Wednesday, 01 April 2009 14:21
Written by Bruni Luigino
Bruni, Luigino
Editorial
What the Economic Crisis Teaches Us
in Nuova Umanità n.182, vol.XXXI, 2009/02
Translation by N. Michael Brennen, michael@michaelbrennen.com, revised August 2009
“Even apart from the instability due to speculation, there is the instability due to the characteristic of human nature that a large proportion of our positive activities depend on spontaneous optimism rather than on a mathematical expectation … [our activities] can only be taken as a result of 'animal spirits'....”
(J. M. Keynes.
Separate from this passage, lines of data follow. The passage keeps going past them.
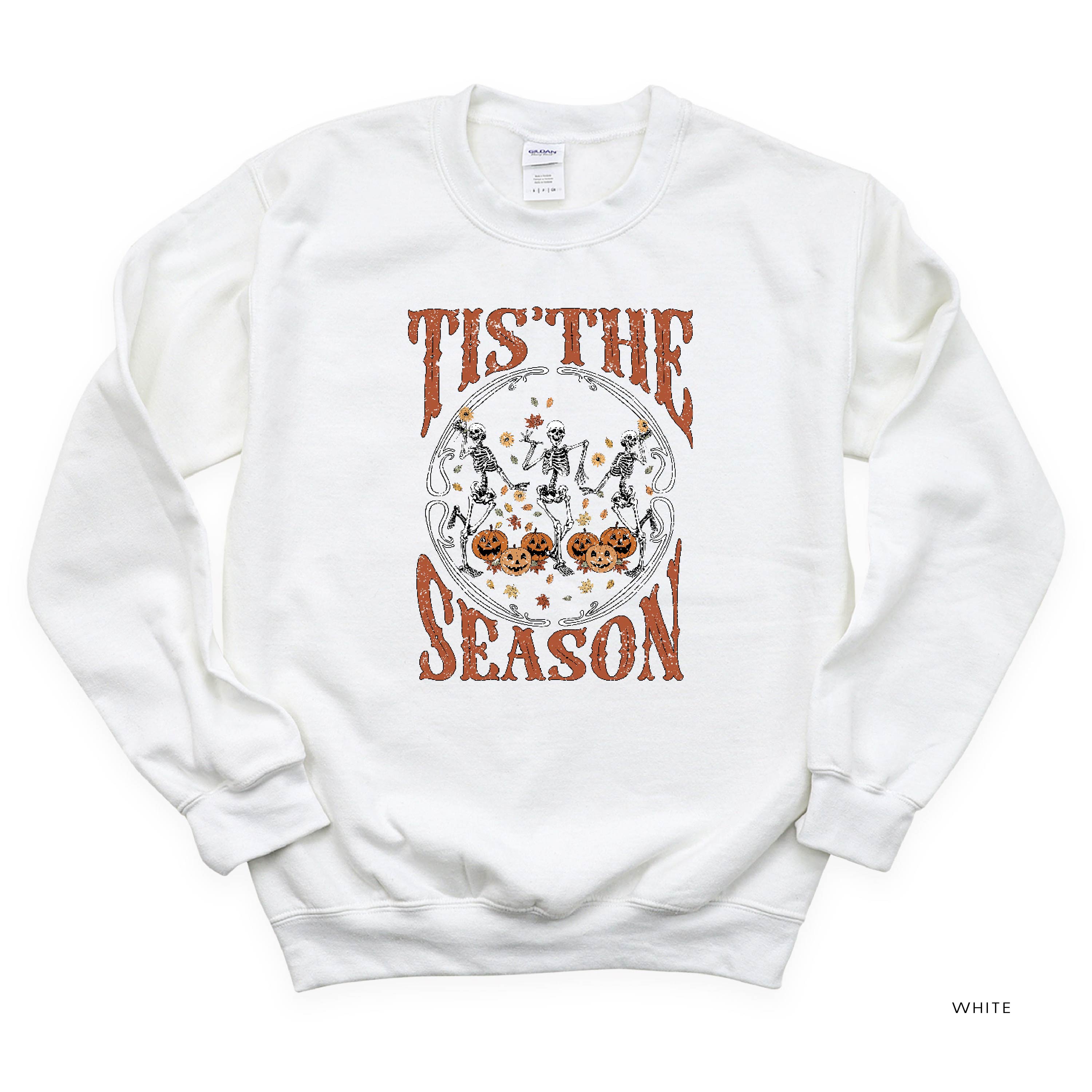 Tis' the Season (Festive Skeletons) - Basic Fleece Crewneck Little Mama Shirt Shop LLC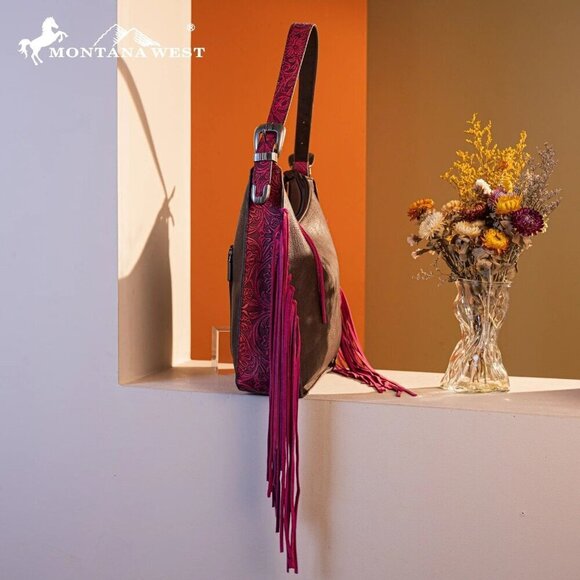 Montana West Floral Tooled Concealed Carry Hobo - Picture 3 of 16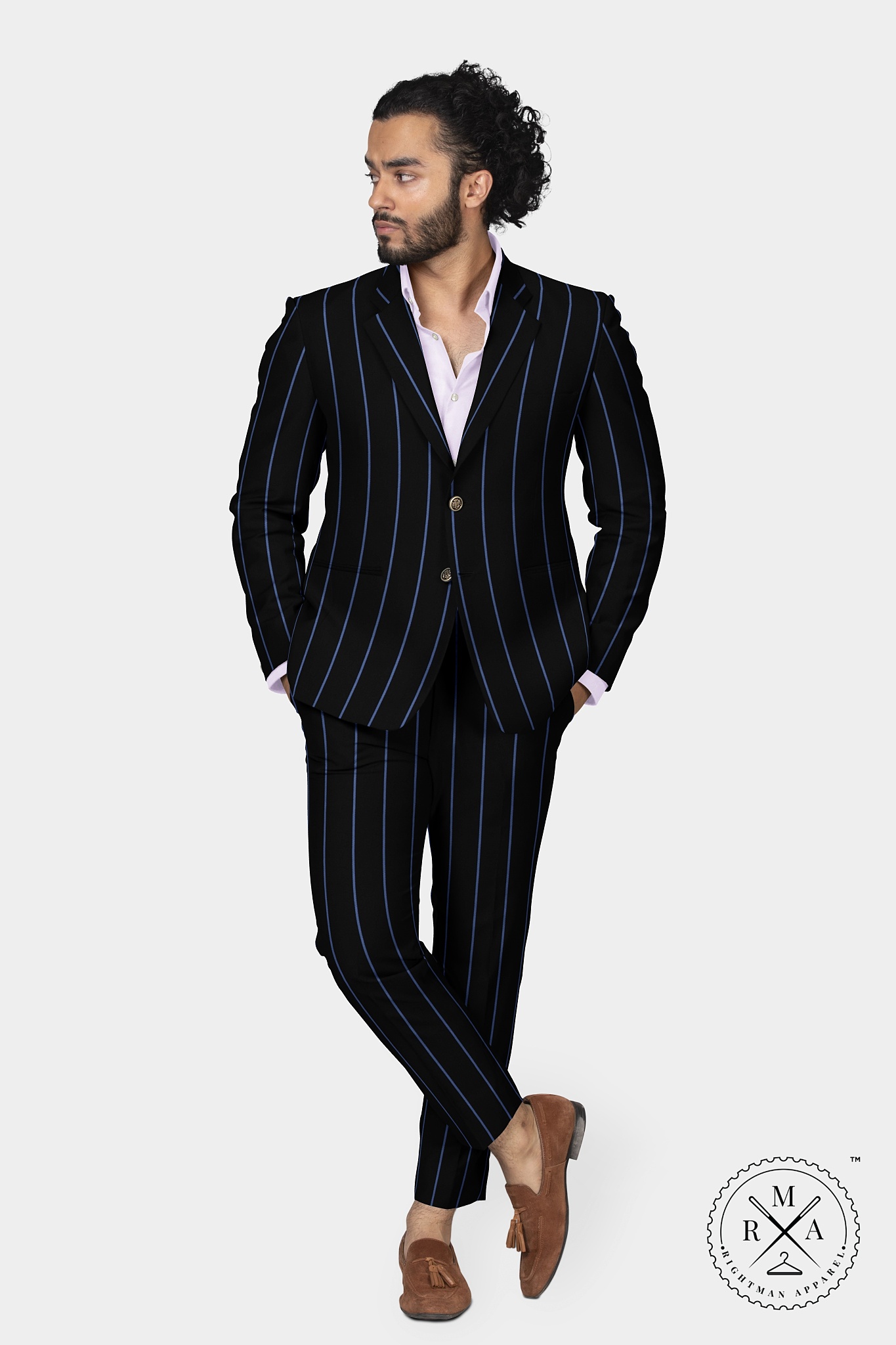 Navy Blue Two Piece Suit With Lapis Stripes SU46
General Theory, 1936)
They had gone almost half way when the Fox, halting suddenly, said to the puppet:
"Would you like to double your money?"
"In what way?"
"Would you like to make out of your five miserable sovereigns, a hundred, a thousand, two thousand?"
"I should think so! but in what way?"
"The way is easy enough. Instead of returning home you must go with us."
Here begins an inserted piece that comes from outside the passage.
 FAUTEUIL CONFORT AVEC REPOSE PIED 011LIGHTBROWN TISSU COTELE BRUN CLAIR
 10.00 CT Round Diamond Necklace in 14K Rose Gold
"And where do you wish to take me?"
"To the land of the Owls."
(Collodi, Carlo. The Adventures of Pinocchio. ch. XII)
The desire to possess money and to accumulate wealth is a strong passion in human beings, analogous to the sexual drive and to the desire for fame or power. For this reason civilizations have always thought that such passions require education and social institutions to regulate them, and, just perhaps, to transform and reorient these deep passions into some sort of common good.